Salute: 1 italiano su 5 vittima frodi alimentari nel 2013
Quasi un italiano su cinque (18%) è stato vittima di frodi alimentari nel 2013 con l’acquisto di cibi fasulli, avariati e alterati ed effetti anche sulla salute. Emerge da una analisi dell’Indagine Coldiretti/IXE’ del Rapporto “Agromafie”, elaborato insieme ad Eurispes. Il risultato è che ben il 34% dei cittadini nel momento di fare la spesa è più preoccupato rispetto al passato e tra questi oltre la metà (56%) lo è perché aumentano i furbi che cercano di frodare sul cibo, il 44% perché le aziende risparmiano sugli ingredienti e il 33% perché è costretto ad acquistare prodotti meno costosi. Per effetto della crisi, infatti, il cibo low cost nei discount è l’unico settore a registrare un aumento delle vendite mentre negozi tradizionali, iper e supermercati risultano tutti in flessione nei primi 7 mesi 2013, secondo l’Istat.
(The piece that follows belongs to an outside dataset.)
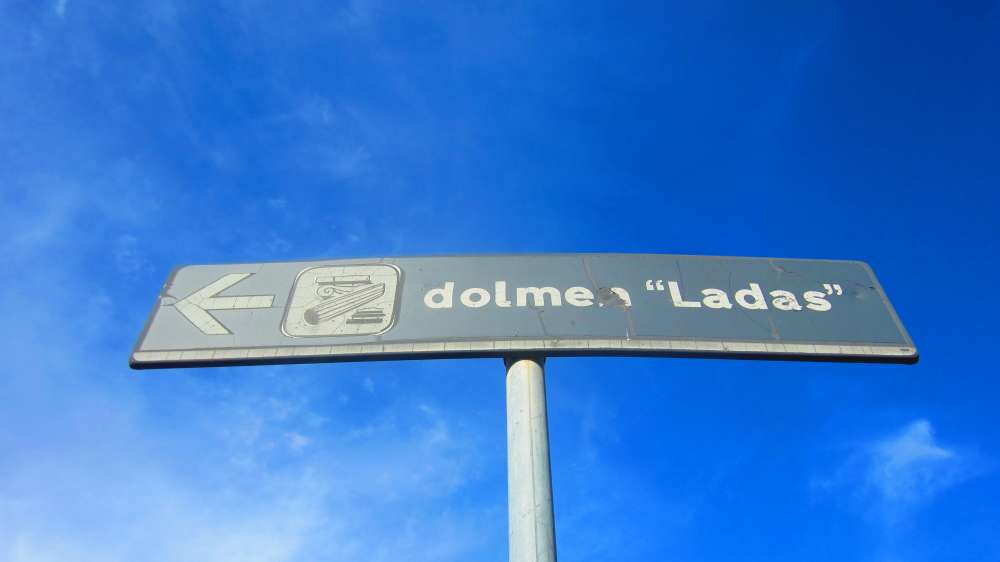 Dolmen_Ladas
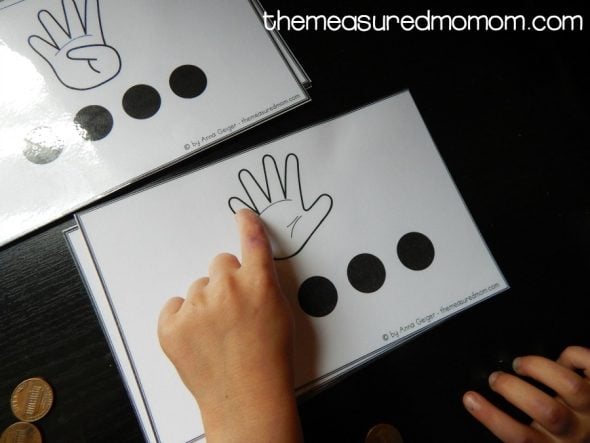 Teach preschoolers to count to ten with these free printable counting mats!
Le difficoltà economiche hanno costretto molti italiani a tagliare la spesa alimentare e a preferire l’acquisto di alimenti più economici prodotti spesso a prezzi troppo bassi per essere sinceri, che rischiano di avere un impatto sulla salute. Dietro questi prodotti spesso si nascondono, infatti, ricette modificate, l’uso di ingredienti di minore qualità o metodi di produzione alternativi ma - denuncia la Coldiretti - possono a volte mascherare anche vere e proprie illegalità, come è confermato dall’escalation dei sequestri. Di fronte al moltiplicarsi dei casi di frode e contraffazione alimentare quasi un italiano su tre (29% rispetto al 22 del 2012) chiede - conclude la Coldiretti - l’arresto mentre per il 63% deve essere fatta sospendere l’attività.